Nenden dan Alia sepakat perlu ada upaya lebih dari pemerintah untuk meningkatkan literasi digital dan memperkenalkan perspektif gender sejak dini, termasuk di sistem pendidikan formal Indonesia.
Dengan begitu, masyarakat diharapkan dapat lebih bijak memilih konten daring yang akan dikonsumsi serta memahami konsep consent atau persetujuan sebelum merekam dan menyebarkan sesuatu.
Di sisi lain, orang tua memainkan peran penting untuk mencegah anak-anak terpapar konten dewasa sebelum waktunya dan melindungi mereka agar tidak menjadi korban kekerasan seksual, termasuk KBGO, kata Seto Mulyadi, psikolog sekaligus Ketua Lembaga Perlindungan Anak Indonesia (LPAI).
Pertama-tama, kata Seto, orang tua jangan terburu-buru memberikan gawai seperti ponsel pintar kepada anaknya.
"Paling cepat itu tujuh tahun menurut saya," kata Seto.
Di usia tujuh tahun, saat anak baru masuk SD, logika dan kecerdasan emosinya disebut mulai berkembang sehingga sudah bisa menahan diri atau mempertimbangkan mana yang baik dan buruk.
Sejak dini, orang tua pun diharapkan membangun komunikasi yang baik dengan anaknya. Ini bisa dimulai dengan aktivitas rutin sederhana seperti mendongeng, yang disampaikan dengan menarik dan kreatif, kata Seto.
Sedari anak TK, orang tua pun bisa mulai mengalokasikan waktu, misalnya setiap akhir pekan, untuk sesi "rapat keluarga".

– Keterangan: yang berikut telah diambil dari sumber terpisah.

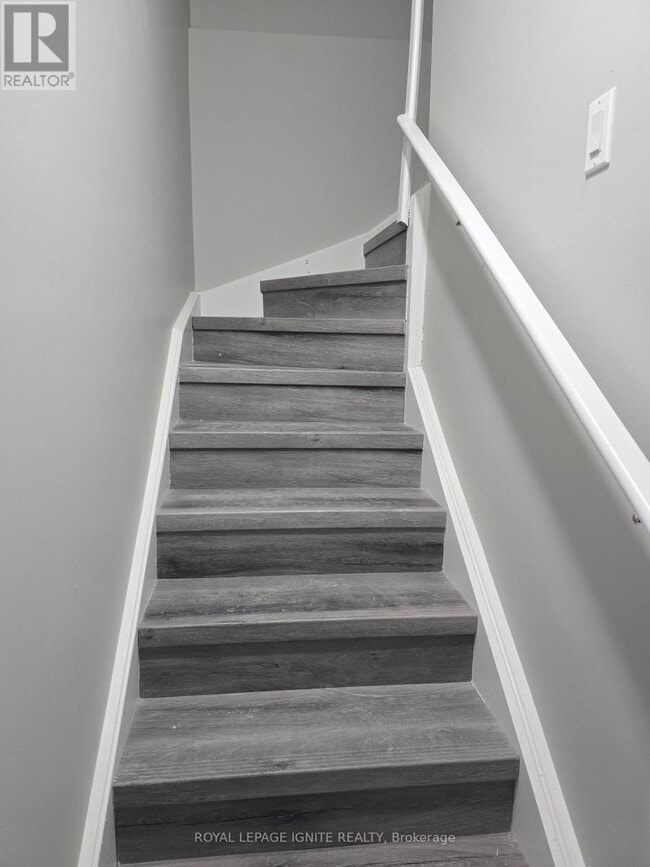 Building Photo - 30 Duxbury Rd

Orang tua disarankan mengalokasikan waktu, misalnya setiap akhir pekan, untuk sesi "rapat keluarga" yang memberi ruang bagi anak menyampaikan keluh kesahnya.
Saat itu, anak dibiasakan menyampaikan keluh kesahnya, sementara orang tua belajar untuk mendengarkan sembari membahas bersama penyelesaian untuk berbagai masalah sehari-hari.

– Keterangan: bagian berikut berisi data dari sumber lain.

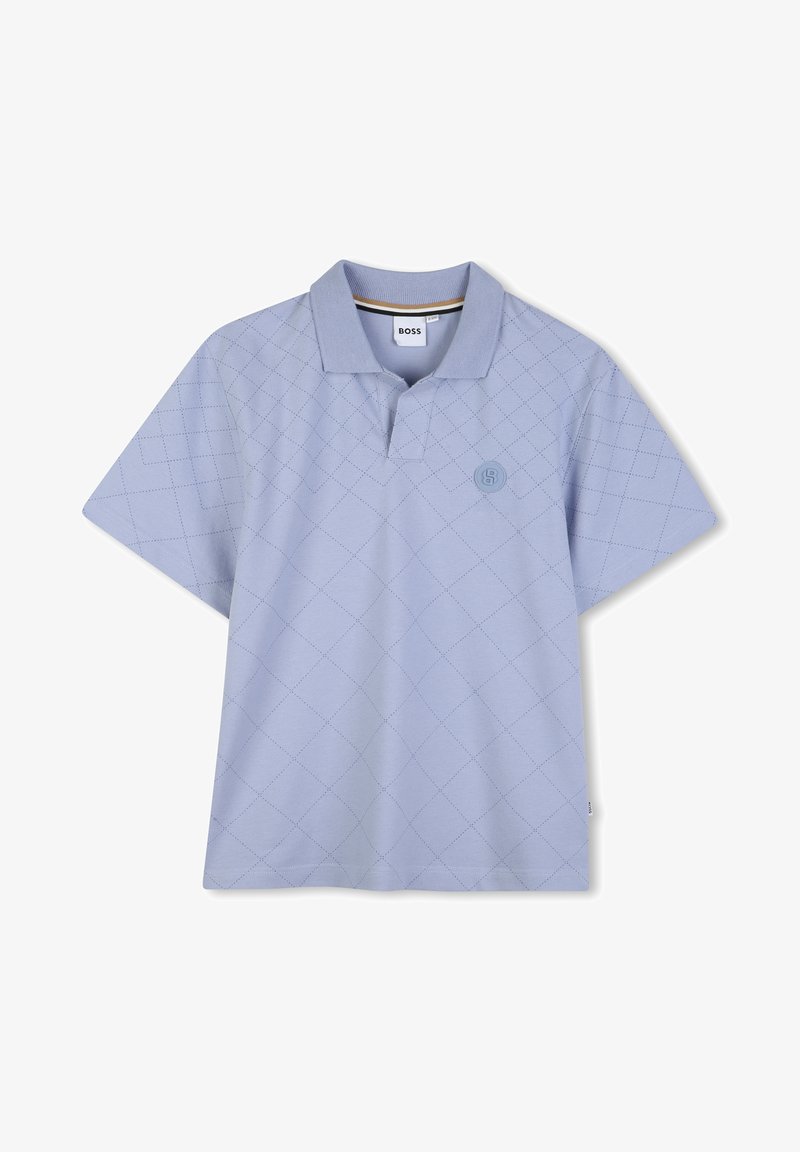 Polo bleu clair avec un motif en losanges texturé, manches courtes et une patte à trois boutons. Présente un logo sur le côté gauche de la poitrine.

Ketika komunikasi telah terbangun dengan baik, akan lebih mudah bagi orang tua untuk membahas isu-isu penting saat anak beranjak remaja dan dewasa, entah yang terkait pubertas, paparan konten pornografi, ataupun strategi bermedia sosial yang bijak.

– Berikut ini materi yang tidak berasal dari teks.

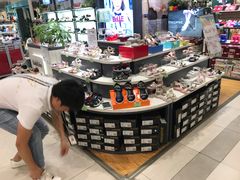 -百丽国际童鞋(泉屋百货店)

Tak hanya itu, melalui LPAI, Seto juga mendorong pembentukan Seksi Perlindungan Anak Tingkat Rukun Tetangga (Sparta) di dalam kepengurusan RT.
Sejak 2014, ada lima kabupaten/kota di Indonesia yang telah membentuk Sparta, yaitu Kota Tangerang Selatan, Kota Banyuwangi, Kabupaten Bengkulu Utara, Kabupaten Bekasi, dan Kota Bitung.
Sparta diharapkan dapat memfasilitasi pertemuan rutin para orang tua di satu lingkup RT untuk mengecek keadaan anak-anak di sana serta saling mengingatkan dan berbagi soal langkah perlindungan yang tepat, kata Seto.
"Itu untuk mengontrol juga supaya anak terlindungi, baik supaya tidak ikut geng motor, seks bebas, atau narkoba, dan termasuk juga bahaya dari media sosial," ujar Seto.
"Jadi artinya itu pemerintah bertindak, iya, tapi jangan sampai masyarakat tidak digerakkan."